How to Dry a Frozen Bookcicle - Fast

STANDING in a nondescript downtown warehouse, Don Hartsell, a law student-cum-entrepreneur, dipped his hand into a crate of frozen books - and pulled out one of the 700,000 volumes that were water damaged in the Los Angeles Public Library fire here three years ago. For the past eight months, his company had dried them with dehumidifying fans that extract the wetness by replacing the air in special, huge drying chambers every 23 seconds. The rock-hard bookcicles - frozen off-site in the aftermath of the fire with the aid of 10,000 local volunteers - went from ice-solid to completely dry in two to 12 days, depending on the initial saturation.

The process was completed last week, but the painstaking recataloging and stacking will continue for quite some time.

Four years ago when torrential rains poured in the open ceiling of a branch of the Houston Public Library - then undergoing roof repair - 100,000 volumes were threatened by mold and mildew. With power and air-conditioning units out, Mr. Hartsell's company, Solex Technologies, brought in special dehumidifiers and converted the entire library into a drying chamber.

In four days, the crisis was over. No books had to be removed, no freezing, transportation, or storage costs were incurred. Library patrons lost very little time.

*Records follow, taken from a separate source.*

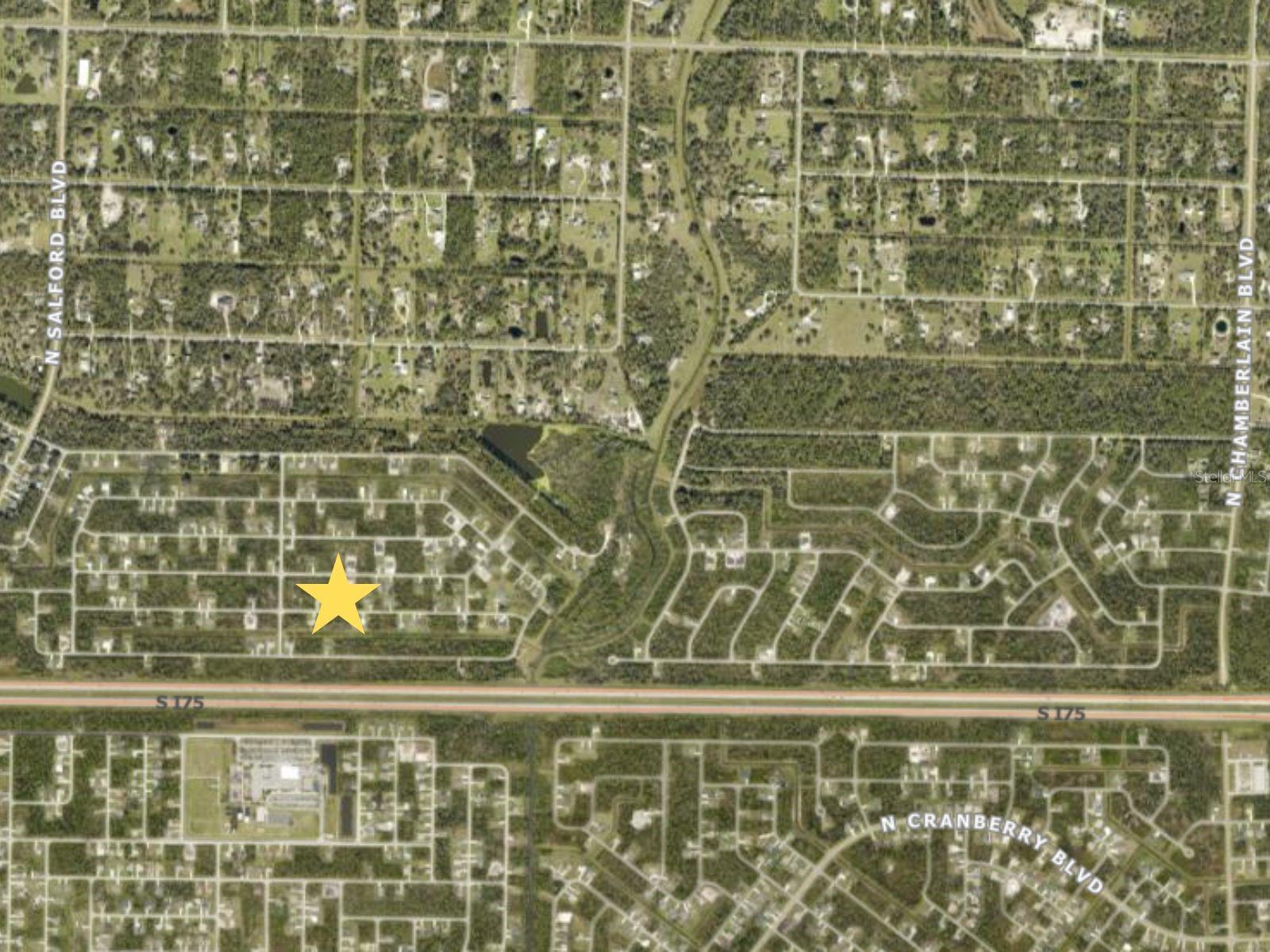 LOT 24 BELLEFONTE AVE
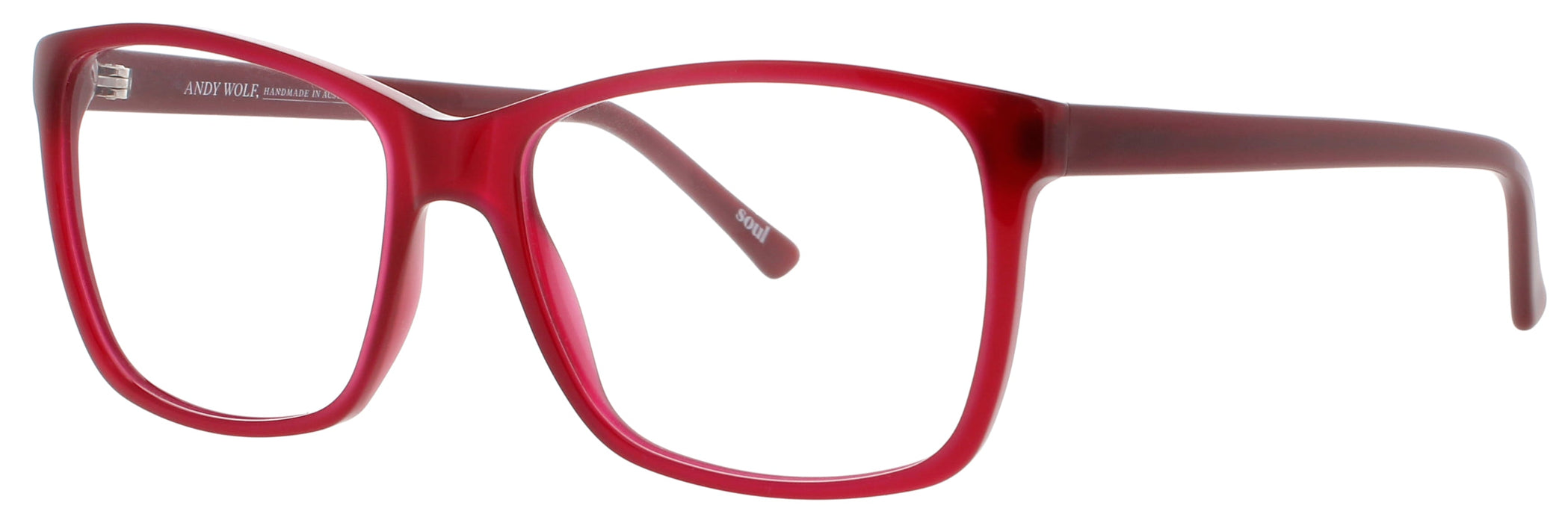 Andy Wolf 5037 Eyeglasses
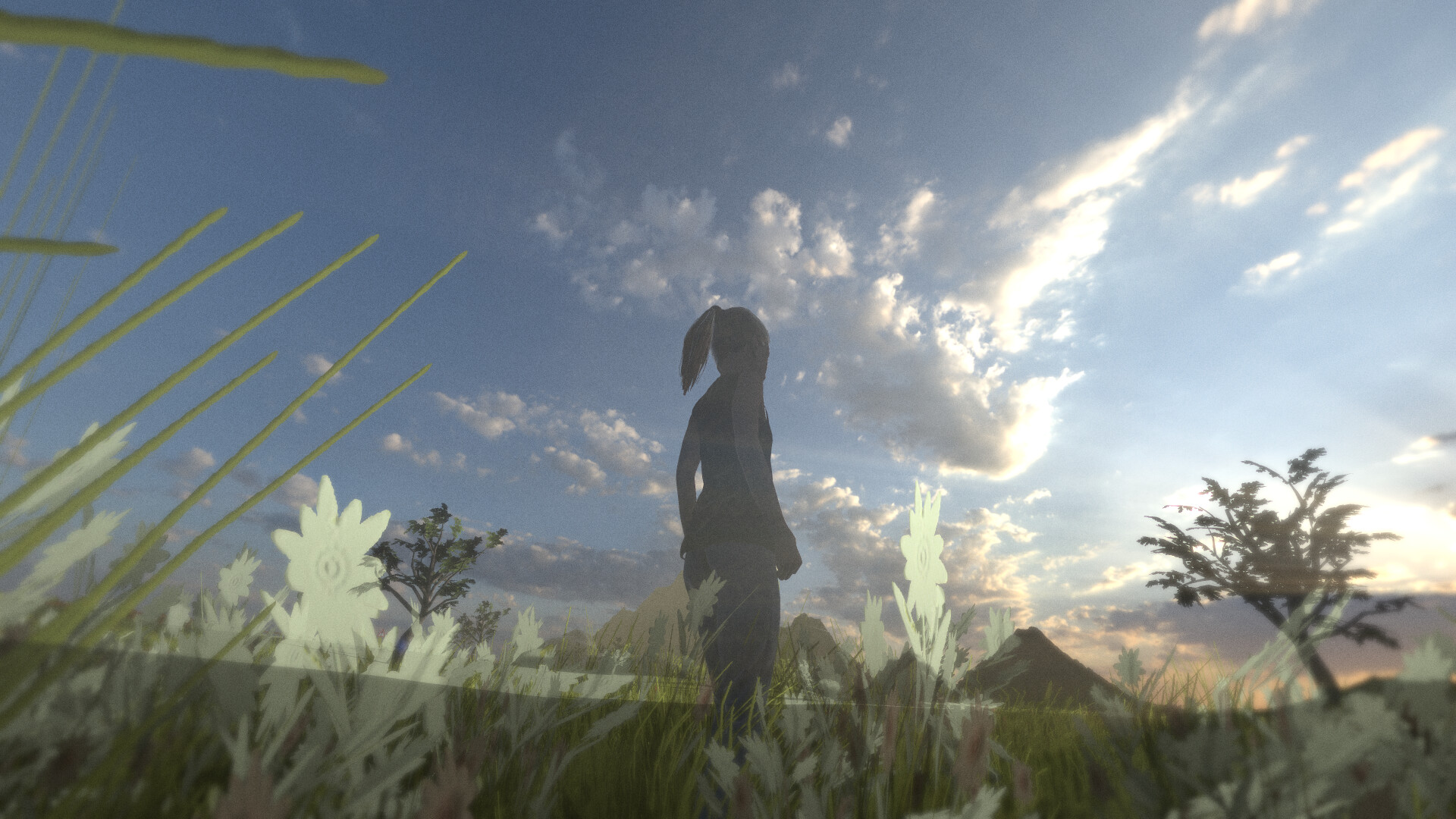 Aversion screenshot 7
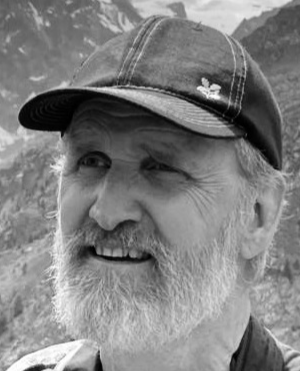 Go to the profile of Mark O'Connell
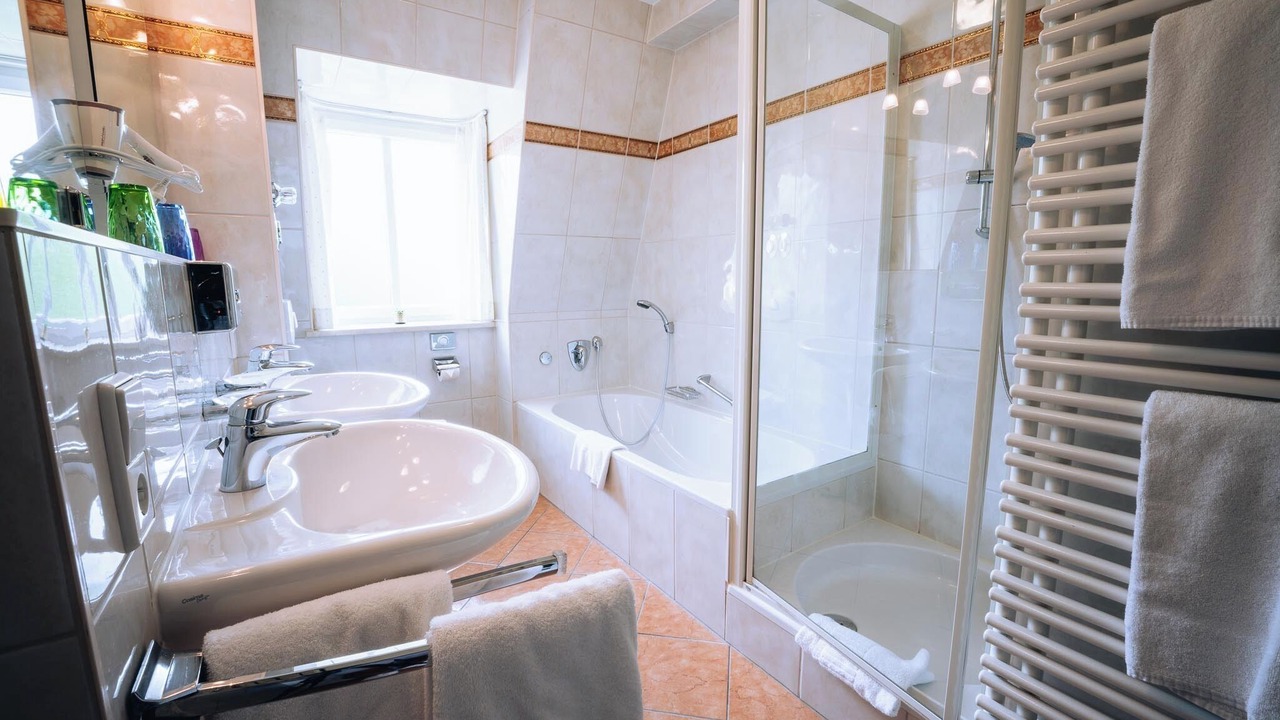 Photo of Bathroom in Gmain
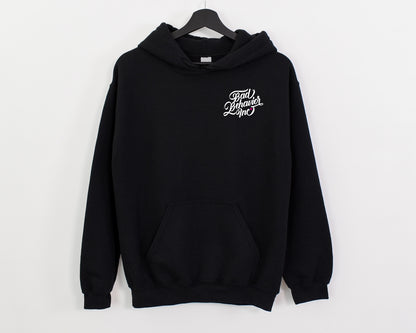 Fck Your Standards Hoodie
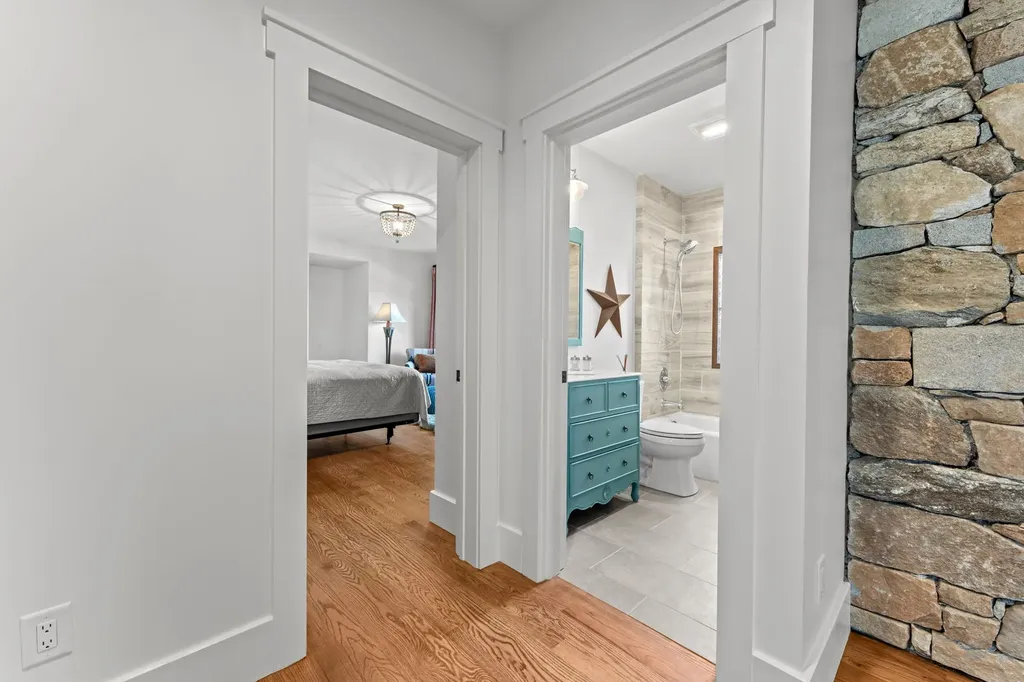 240 Whitewater Ridge Road Sapphire NC 28774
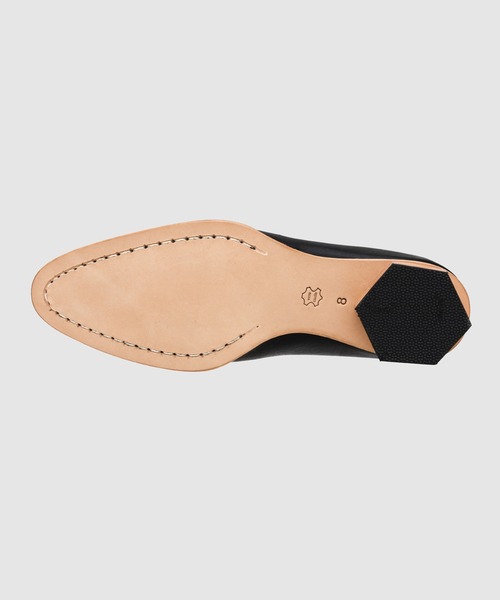 靴 Sasquatchfabrix. SHIMENAWA SLIPON 2022AW】 Sasquatchfabrix. (サスクワァッチファブリックス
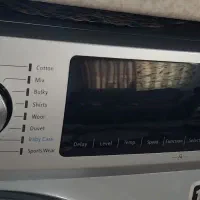 لباسشویی پاکشوما ۸ کیلویی فروشی|ماشین لباسشویی و خشککن لباس|رامسر, |دیوار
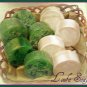 Loufa Soap- Peppermint
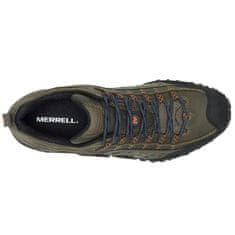 Merrell Obuv treking 41.5 EU Intercept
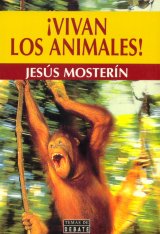 Portada libro [Mosterin]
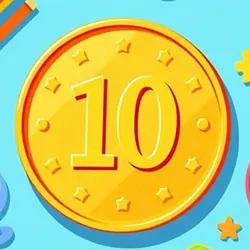 10 Coin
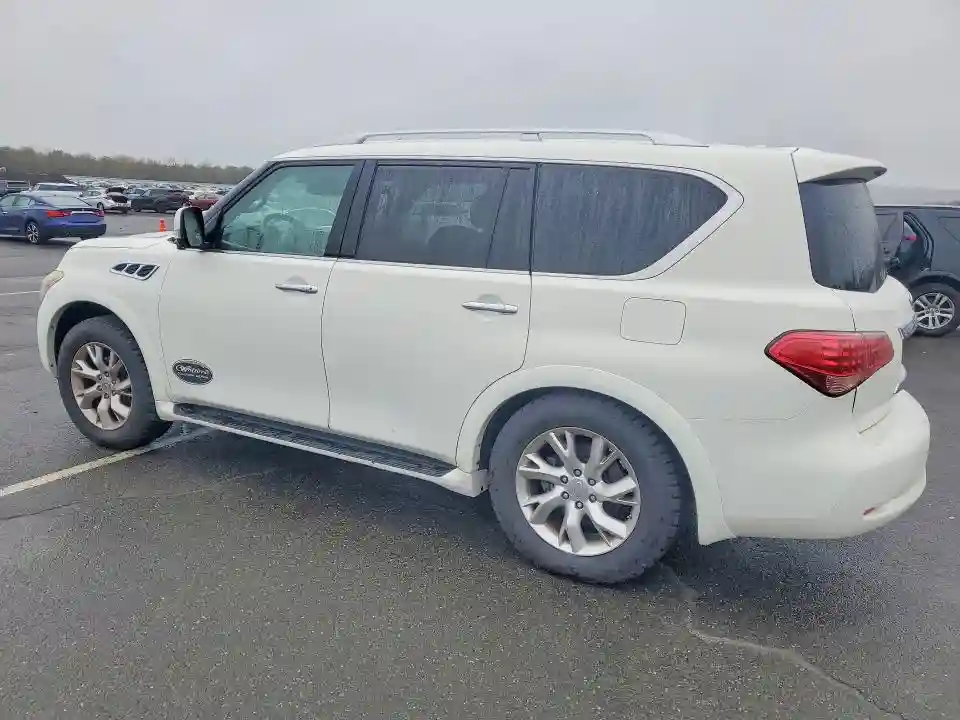 JN8AZ2NEXD9041929 2013 INFINITI QX56-1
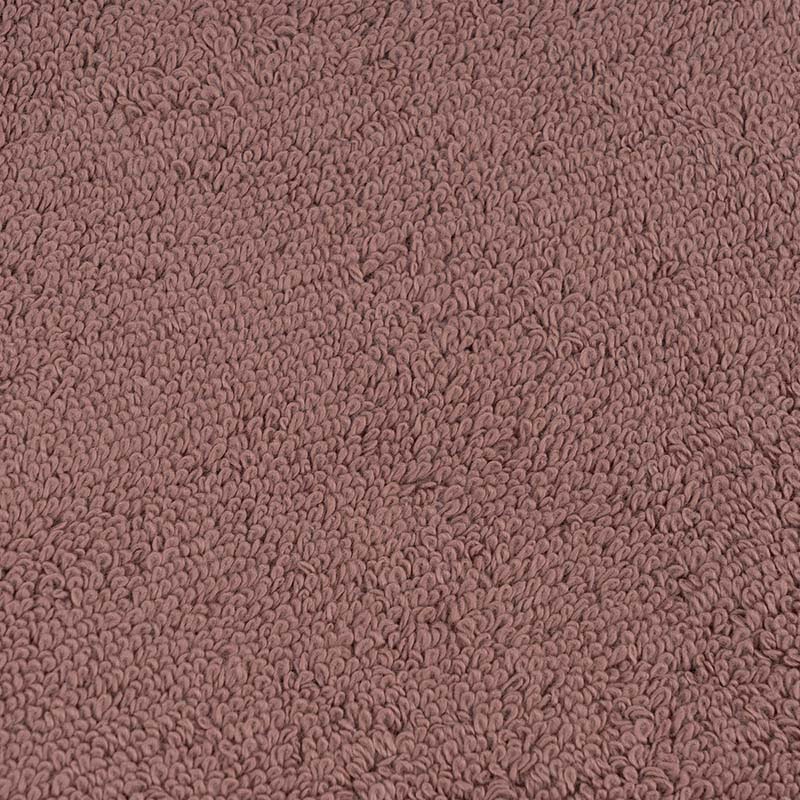 Полотенце махровое Pappel Cirrus/S 30x50см, цвет коричневый фото 4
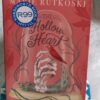 The Hollow Heart – Marie Rutkoski secondhand book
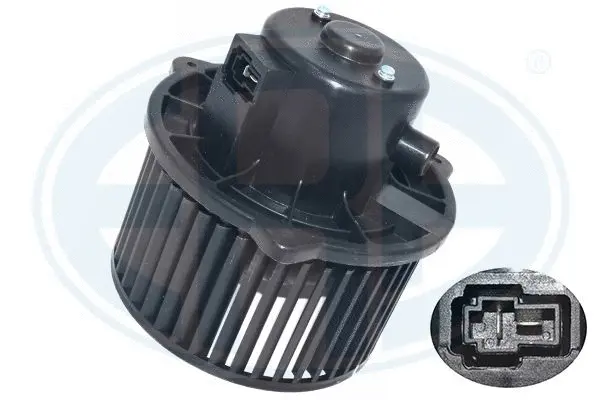 Interior Blower (WG2016460)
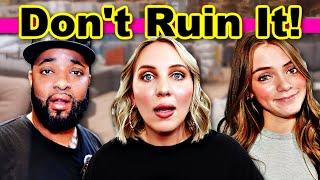 Don't RUIN Our DAY! | Shopping Disaster...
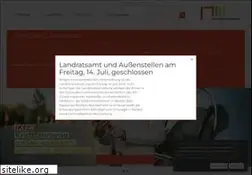 Sites similar to landkreis-heilbronn.de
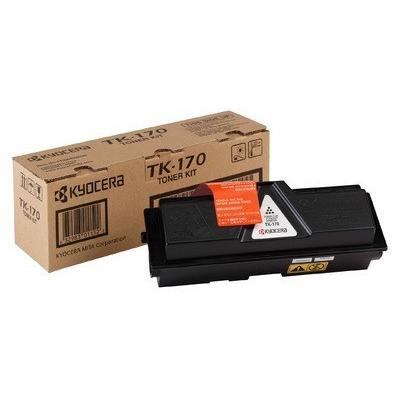 Original Kyocera 1T02G10EU0 / TK-710 Toner Schwarz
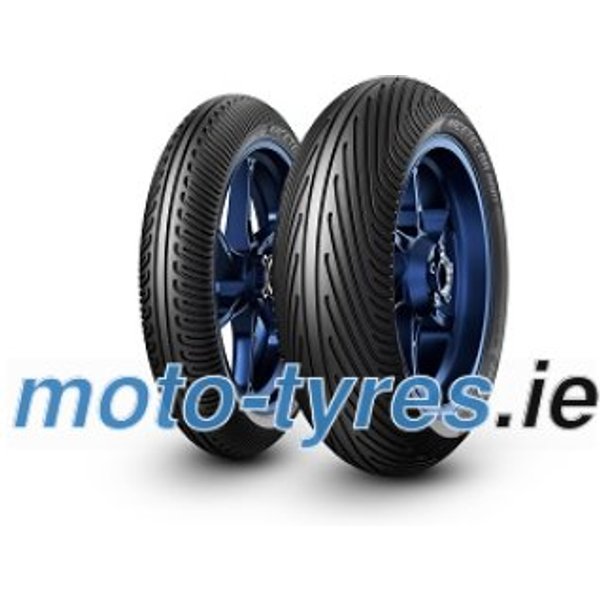 Metzeler Racetec RR Rain ( 120/70 R17 TL NHS, Front wheel )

``We were going to spend thousands [of dollars] having the books hauled off to [freezing chambers] across town at NASA,'' recalls library director David Hennington. ``But by then, most of them would've been ruined. Solex saved my books!''

This achievement marks a new age of document and book-drying technology. ``[They've] proved they can come in here with a minimum of dislocation and do everything that was done before without so much as taking a book from the shelf,'' says Mr. Hennington. Success at the Houston site led to another project and similar testimony from officials at the Southwestern University Library.

Although there are other high-tech methods to salvage books damaged by acts of firefighters and nature - most notably a vacuum technique that can turn ice into vapor without first changing it to the damaging state of water - the Solex method eliminates the need for freezing at all.

And because of a high-efficiency refrigerant that makes drying possible at more comfortable temperatures, library or office personnel can often go on working in the drying environment itself.